Using and Understanding missing_vals_tbl()

The missing values table is arranged a lot like the column summary table (generated via the col_summary_tbl() function) in that columns of the input table are arranged as rows in the reporting table. Let’s use missing_vals_tbl() on the nycflights dataset, which has a lot of missing values:

import pointblank as pb

nycflights = pb.load_dataset(dataset="nycflights", tbl_type="polars")

pb.missing_vals_tbl(nycflights)
Missing Values   46,595 in total
PolarsRows336,776Columns18
Column Row Sector
1 2 3 4 5 6 7 8 9 10
year
month
day
dep_time
sched_dep_time
dep_delay
arr_time
sched_arr_time
arr_delay
carrier
flight
tailnum
origin
dest
air_time
distance
hour
minute
NO MISSING VALUES     PROPORTION MISSING:  
0%
100%
ROW SECTORS
  1. 1 – 33677
  2. 33678 – 67354
  3. 67355 – 101031
  4. 101032 – 134708
  5. 134709 – 168385
  6. 168386 – 202062
  7. 202063 – 235739
  8. 235740 – 269416
  9. 269417 – 303093
  10. 303094 – 336776

There are 18 columns in nycflights and they’re arranged down the missing values table as rows.
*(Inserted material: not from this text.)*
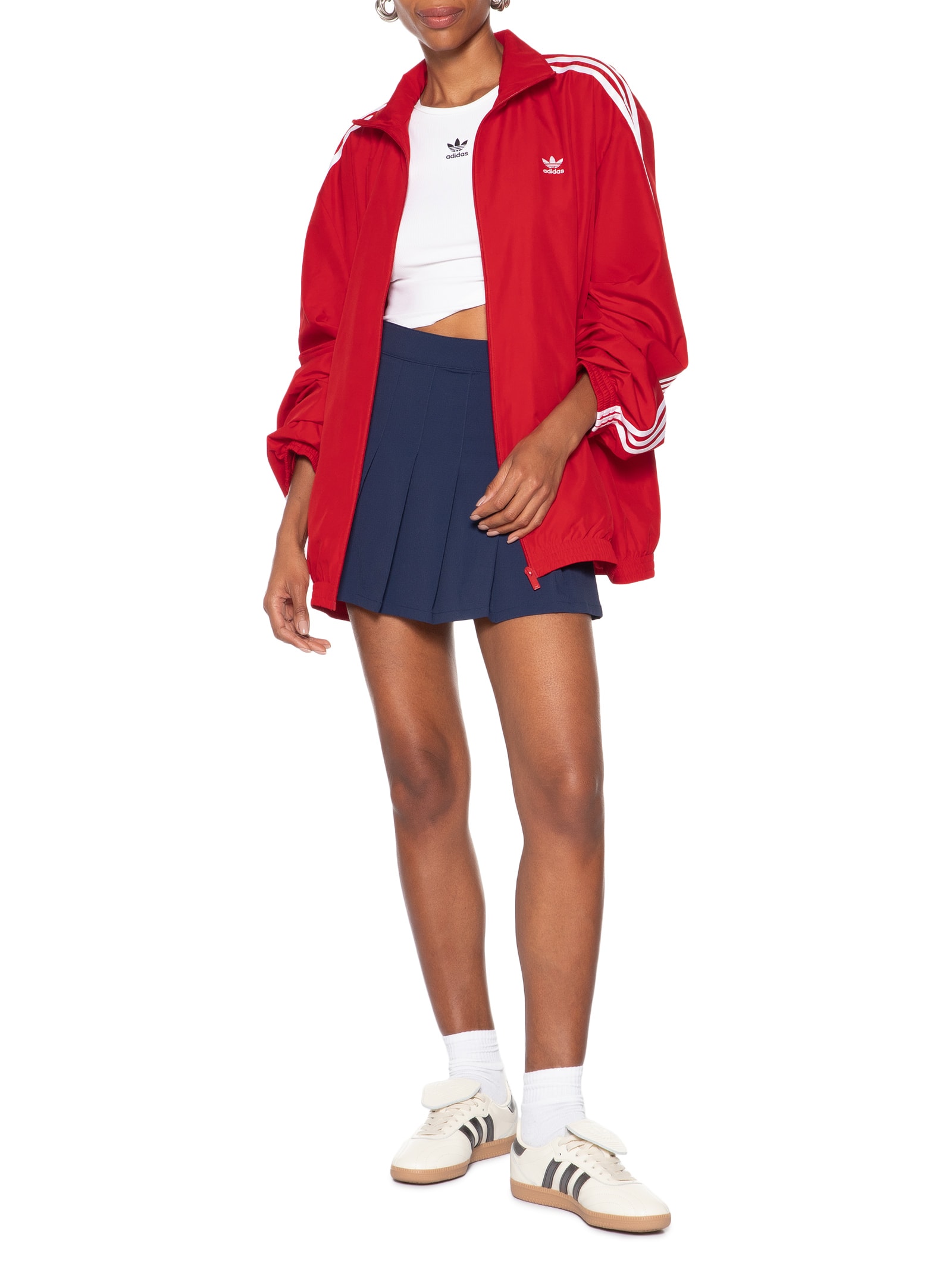 Jaqueta Feminina Adilenium Oversized Vermelho Adidas Originals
To the right we see column headers indicating 10 columns that are row sectors. Row sectors are groups of rows and each sector contains a tenth of the total rows in the table. The leftmost sectors are the rows at the top of the table whereas the sectors on the right are closer to the bottom. If you’d like to know which rows make up each row sector, there are details on this in the table footer area (click the ROW SECTORS text or the disclosure triangle).
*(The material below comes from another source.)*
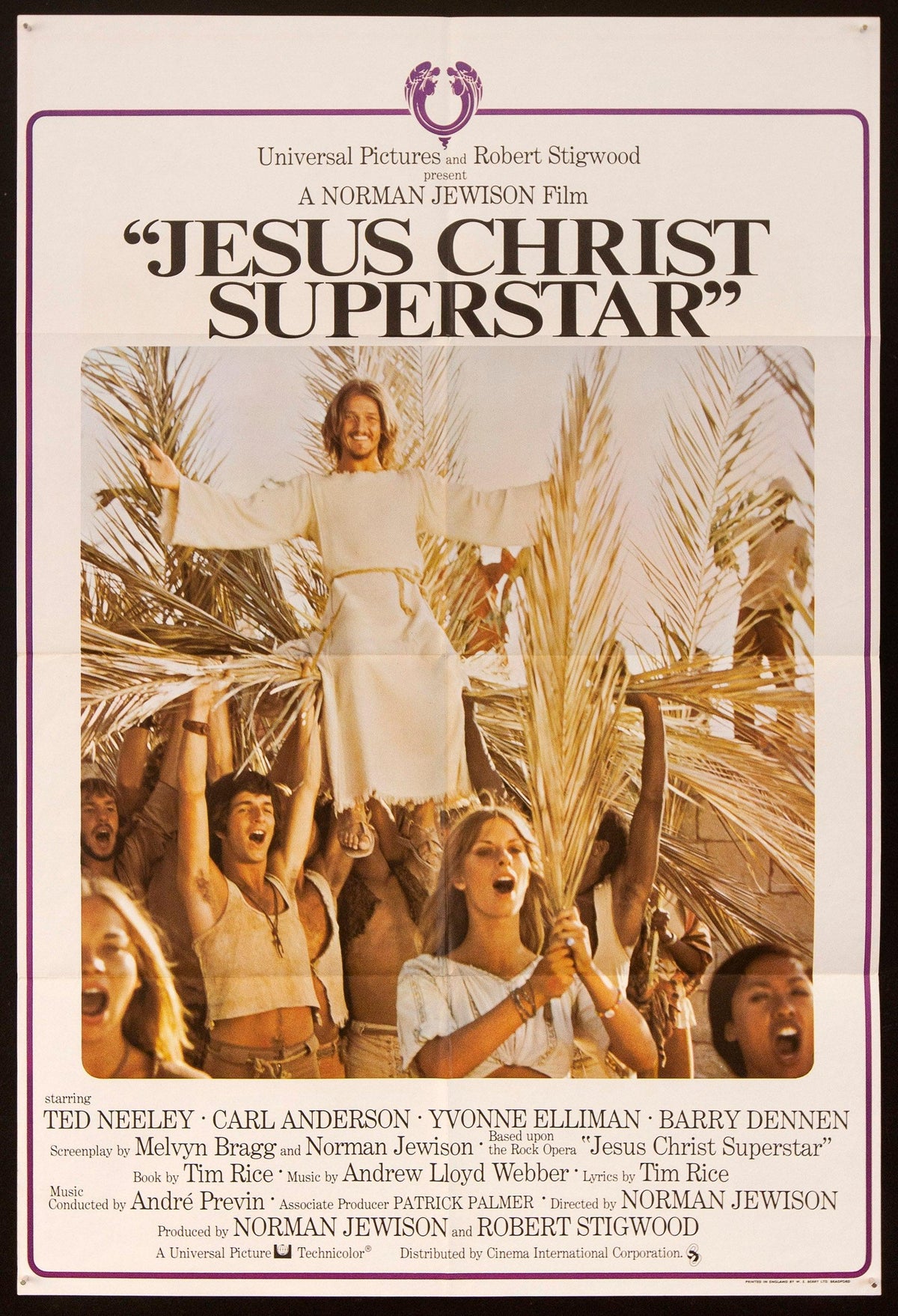 Jesus Christ Superstar Original Vintage Movie Poster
Now that we know about row sectors, we need to understand the visuals here. A light blue cell indicates there are no (0) missing values within a given row sector of a column. For nycflights we can see that several columns have no missing values at all (i.e., the light blue color makes up the entire row in the missing values table).
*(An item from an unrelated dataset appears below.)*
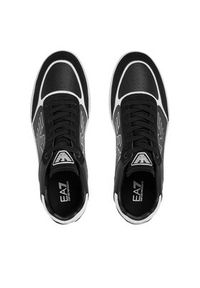 EA7 Emporio Armani Sneakersy 7X000405 AF19826 MC001 Czarny. Kolor: czarny. Materiał: skóra #4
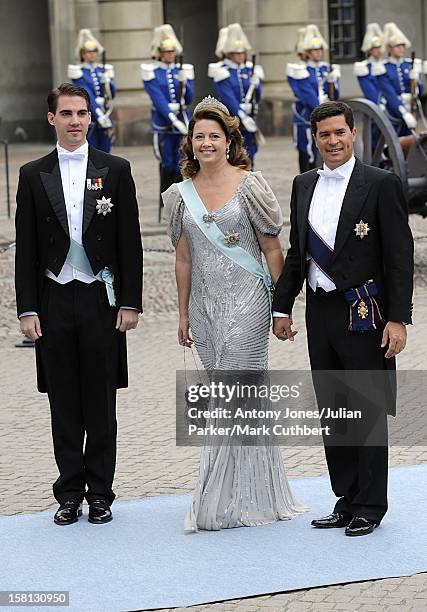 Prince Philippos Of Greece, Princess Alexia Of Greece And Carlos Morales At The Wedding Of Crown Princess Victoria Of Sweden And Daniel Westling At...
When there are missing values in a column’s row sector, you’ll be met with a grayscale color. The proportion of missing values corresponds to the color ramp from light gray to solid black. Interestingly, most of the columns that have missing values appear to be related to each other in terms of the extent of missing values (i.e., the appearance in the reporting table looks roughly the same, indicating a sort of systematic missingness). These columns are dep_time, dep_delay, arr_time, arr_delay, and air_time.

The odd column out with regard to the distribution of missing values is tailnum. By scanning the row and observing that the grayscale color values are all a little different we see that the degree of missingness of more variable and not related to the other columns containing missing values.

Missing Value Tables from the Other Datasets

The small_table dataset has only 13 rows to it. Let’s use that as a Pandas DataFrame with missing_vals_tbl():

small_table = pb.load_dataset(dataset="small_table", tbl_type="pandas")

pb.missing_vals_tbl(small_table)
Missing Values   2 in total
PandasRows13Columns8
Column Row Sector
1 2 3 4 5 6 7 8 9 10
date_time
date
a
b
c
d
e
f
NO MISSING VALUES     PROPORTION MISSING:  
0%
100%
ROW SECTORS
  1. 1 – 1
  2. 2 – 2
  3. 3 – 3
  4. 4 – 4
  5. 5 – 5
  6. 6 – 6
  7. 7 – 7
  8. 8 – 8
  9. 9 – 9
  10. 10 – 13

It appears that only column c has missing values. And since the table is very small in terms of row count, most of the row sectors contain only a single row.

The game_revenue dataset has no missing values. And this can be easily proven by using missing_vals_tbl() with it:

game_revenue = pb.load_dataset(dataset="game_revenue", tbl_type="duckdb")

pb.missing_vals_tbl(game_revenue)
Missing Values
DuckDBRows2,000Columns11
Column Row Sector
1 2 3 4 5 6 7 8 9 10
player_id
session_id
session_start
time
item_type
item_name
item_revenue
session_duration
start_day
acquisition
country
NO MISSING VALUES     PROPORTION MISSING:  
0%
100%
ROW SECTORS
  1. 1 – 200
  2. 201 – 400
  3. 401 – 600
  4. 601 – 800
  5. 801 – 1000
  6. 1001 – 1200
  7. 1201 – 1400
  8. 1401 – 1600
  9. 1601 – 1800
  10. 1801 – 2000

We see nothing but light blue in this report! The header also indicates that there are no missing values by displaying a large green check mark (the other report tables provided a count of total missing values across all columns).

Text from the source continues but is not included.